I like the part where Yahoo complains that the leaking of the document could "shock" its users and damage its reputation. Shoulda thought of that earlier, huh?
Time for paid services with explicit privacy protection. There is a good business case for this, I think, but will require thoughtful way to market to the masses. Any ideas?
Fuck systemd. Fuck Redhat. Fuck Soylent, too. Wait, scratch the last one.
If you actually read the documents (I know, that's too hard), you'll see that this is a list of information Yahoo! can provide in compliance of subpoenas, search warrants and court orders.
Oooh, if the cops get a search warrant, they can look at your Yahoo! friends list. It's the end of liberty as we know it!
How can a document be both confidential and copyrighted?
"Lawyer claims intellectual property rights on method to suck and blow at same time."
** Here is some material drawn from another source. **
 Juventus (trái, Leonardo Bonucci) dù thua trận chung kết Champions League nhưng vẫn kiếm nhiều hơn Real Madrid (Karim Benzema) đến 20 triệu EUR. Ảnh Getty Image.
If you read it, you'll see that it's basically an explanation of what information they do and do not have, how their various properties work and what information they store, and how much it will cost an agency to have certain information requests addressed. It doesn't represent some sort of sinister pipeline of information directly from their users' keyboards to the "evil government." If anything it's useful to everyone because it shows exactly what they do and don't save, and it might act as a deterrent for the casual or clueless investigator who watches too much CSI and thinks sending a request off will instantly pinpoint the bad guy by backtracking his DNS through the GPS IP address of his netbook's MAC module or whatever.
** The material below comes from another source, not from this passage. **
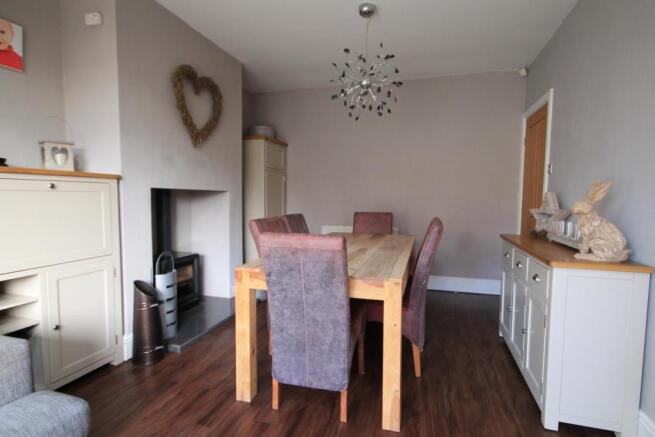 FAMILY/ DINING ROOM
It's a good thing it's already been archived on WikiLeaks http://wikileaks.org/wiki/Yahoo_compliance_guide_for_law_enforcement%2C_23_Dec_2008
- Aetheral Research -
... or other confidential markings in this document, I don't feel there is any reason not to public disclose this document all or in part. In fact, I will do that just now...
For email:
"Yahoo! retains a user’s incoming mail as long as the user chooses to store such messages in their mail folders and
the user’s email account remains active. Yahoo! retains a user’s sent mail only if the user sets their email account
options to save sent mail and has not subsequently deleted specific messages."
For messenger:
"For Yahoo! Chat and all forms of Messenger, Yahoo! has log information regarding the use of the services. Yahoo!
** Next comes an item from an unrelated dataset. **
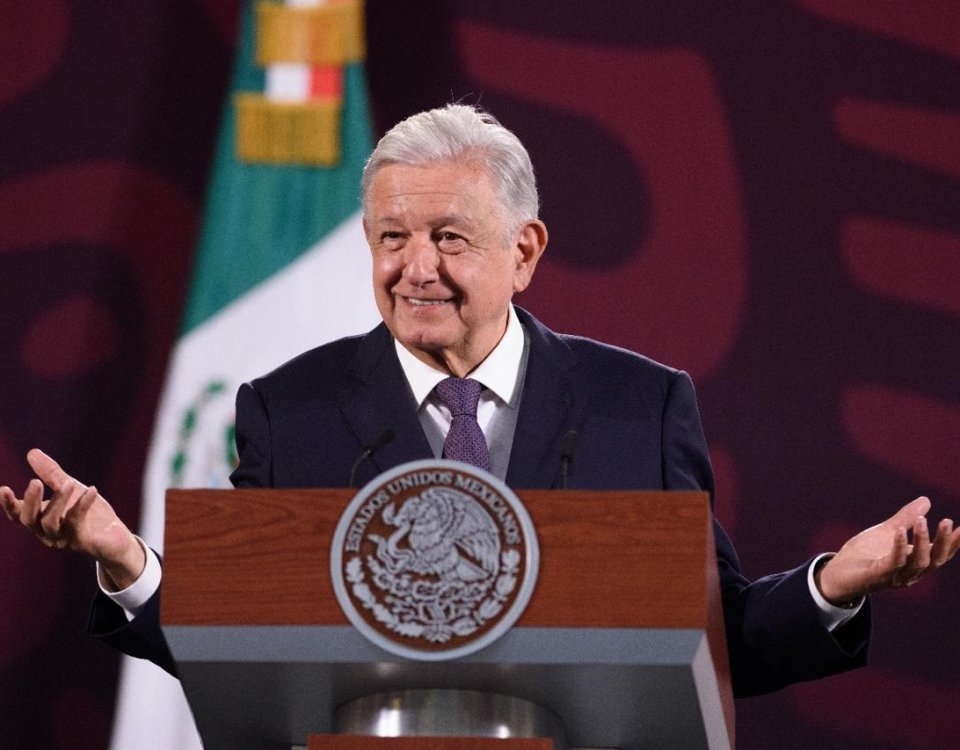 AMLO presentará una reforma para evitar la deducción fiscal por donativos a organizaciones como Mexicanos contra la Corrupción de Claudio X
maintains a “Friends List” for users of Yahoo! Messenger and can determine from its logs the time and date that a
user logged into Messenger or Chat (in the prior 45-60 days) and the IP address used. Yahoo! also can retrieve
from its Chat and Messenger logs the names of the chat rooms that the user accessed and the Yahoo! IDs of the
other people with whom a user communicated through Messenger during the prior 45-60 days. In order to search
these logs, a Yahoo! ID and a specific time frame, preferably no more than three days, must be provided."
For flickr:
"If provided with a Yahoo! ID, Flickr URL, or Flickr NSID, Yahoo! has the ability to produce subscriber information for
the account-holder. As long as the Flickr account is active, Yahoo! has the ability to produce content in the account
– with associated upload IP addresses and date and time – as well as the email and Groups information for the
account."
For groups:
"Yahoo! maintains information about Group moderators, as well as an activity log for each Group. The Group activity
log is a transactional log that indicates when members have subscribed or unsubscribed from the Group, posted or
deleted files or polls, or other similar events. Not all Group activities are logged, however. For example, the reading
of messages or downloading of files or photos is not logged.
Although the Group Message archive maintains messages sent to Group members, the message archive does not
contain any attachments to the messages. Yahoo! does not maintain those attachments in any form.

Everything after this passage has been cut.